Friday, March 9, 2007

Imitation is the Best Form of Flattery (100 anos 1)

When the epidemic of insomnia and forgetting arrives in Macondo, Aureliano hopes that by marking objects with their names (bridging the gap between signifiant and signifié as it were), he will help the townsfolk remember things. This works until they start forgetting how to read. It is only once Melquiades returns and provides his magic drink that their memory is restored. Both epidemics appear as natural phenomena within the Macondian universe and, far from seeming fantastical, are viewed by their victims as entirely prosaic occurences. By destroying the line between real and fantastic, Marquez gives us here a perfect example of magical realism, which was described in class as a manner of treating the extraordinary as if it were ordinary and hybridizing European rationality with the supposed 'magical' mentality of the Indian.
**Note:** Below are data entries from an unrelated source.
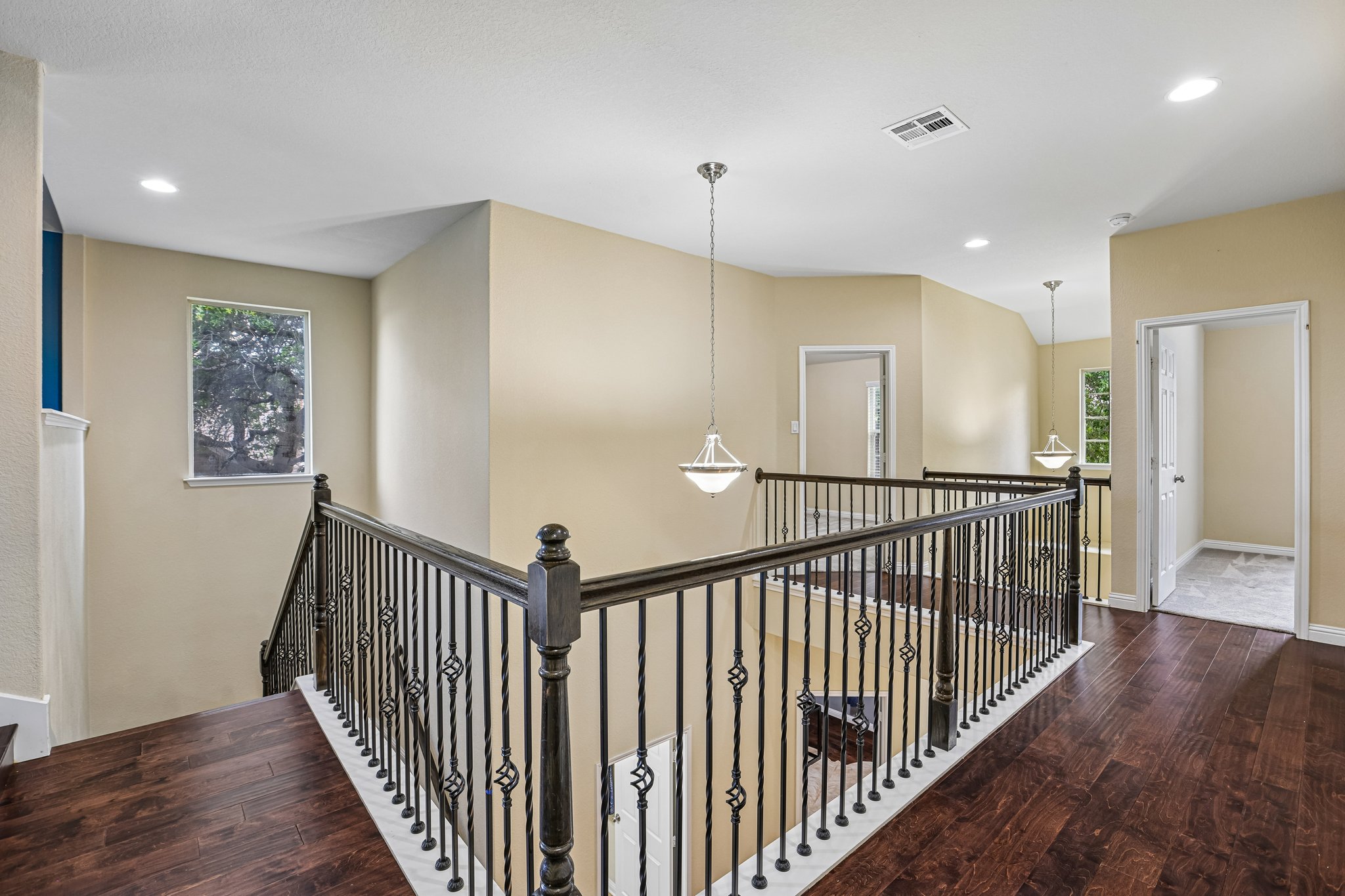 1924 Granite Springs Road Leander, TX 78641 - Photo 24 of 36 Rich hardwood floors complement an elegant wrought iron railing ascending to the second story landing.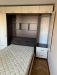 Set dormitor cu pat rabatabil la Brasov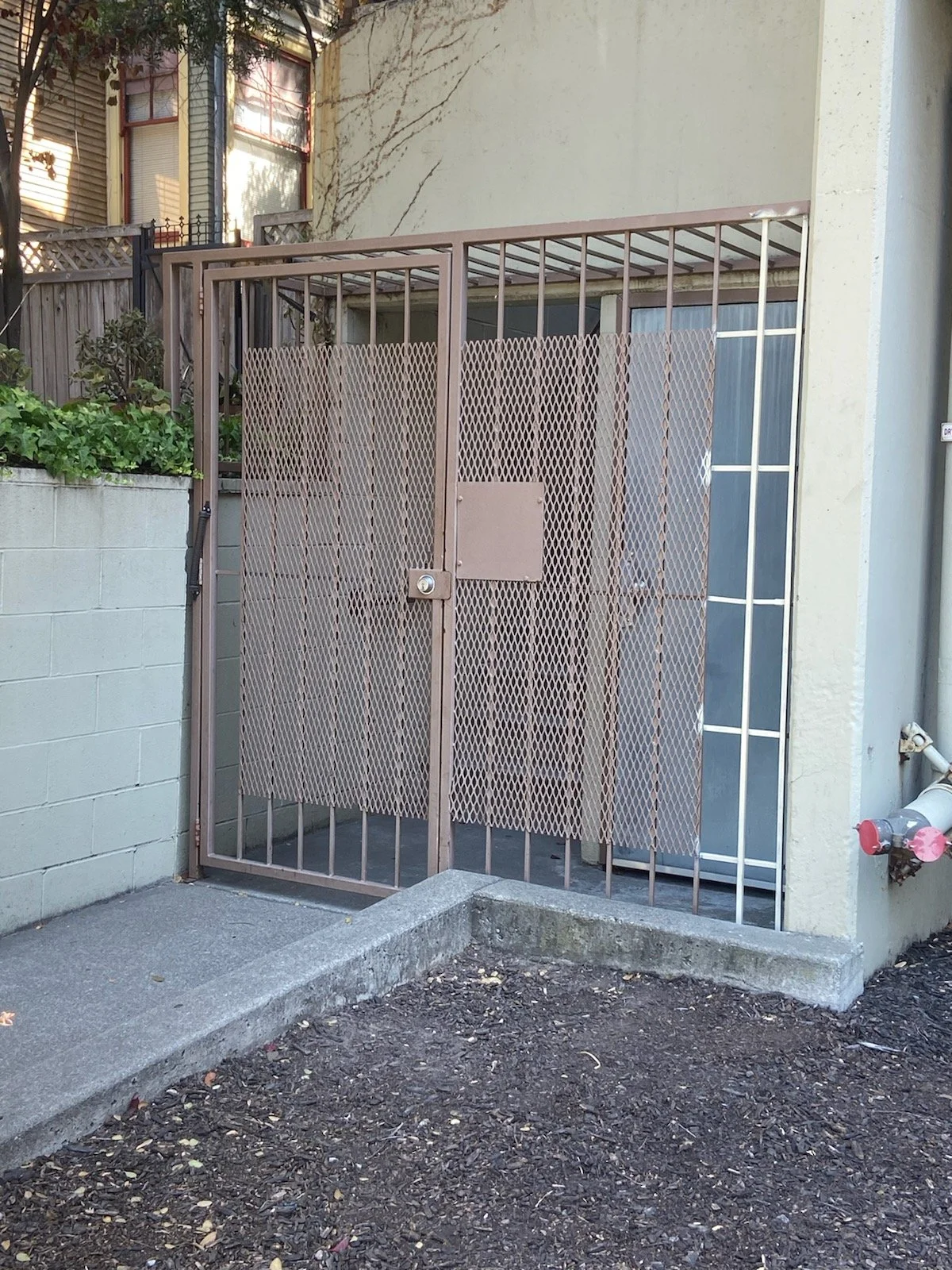 A light brown iron gate for the main door house security, designed and welding by the best iron expert in the area.
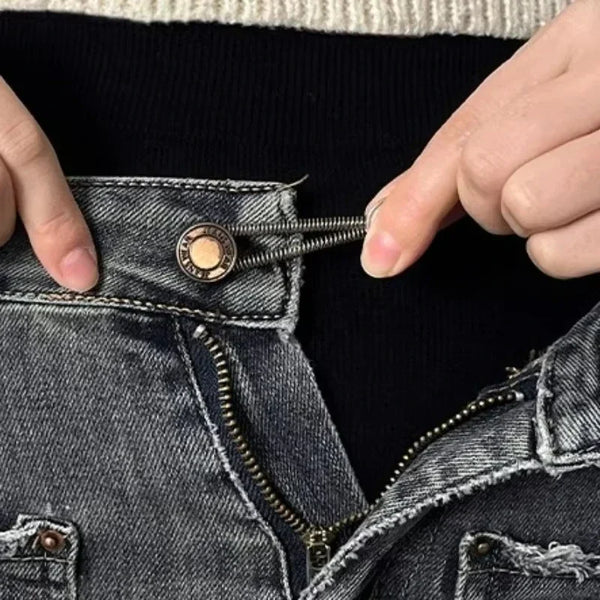A hand is using a metal button extender to adjust the waistband of dark denim jeans.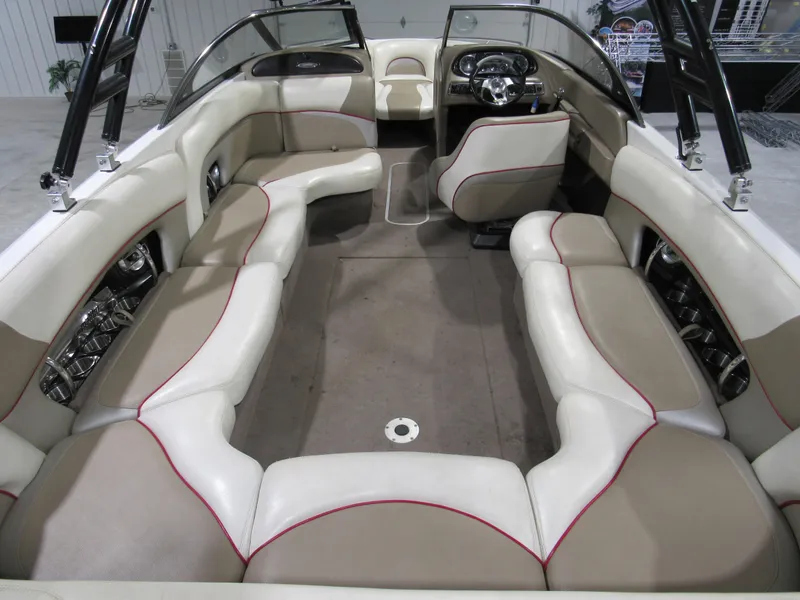 Slide: The Image of 2007 Malibu Sunscape 247 LSV boat interior with beige and white seating. - 4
Having read Como agua para chocolate previously in the semester, I have the impression of meeting two key points in the life of a (now exhausted) literary mode, with Esquivel (who cashed in on magic realism´s appeal so thoroughly as to kill it) at one end and Marquez (whose formulations were so alluring as to inspire a generation of New and Third World writers) at the other. I am also reminded of Bolaños´s critique of Isabel Allende as a pseudo-writer in whose "scribbles" one finds imitations of Marquez. Reading the latter makes Esquivel and Allende appear even worse and confirms one of the criteria for bad literature we came up with in class: resorting to tried and tested formula to compensate for imaginative deficiency.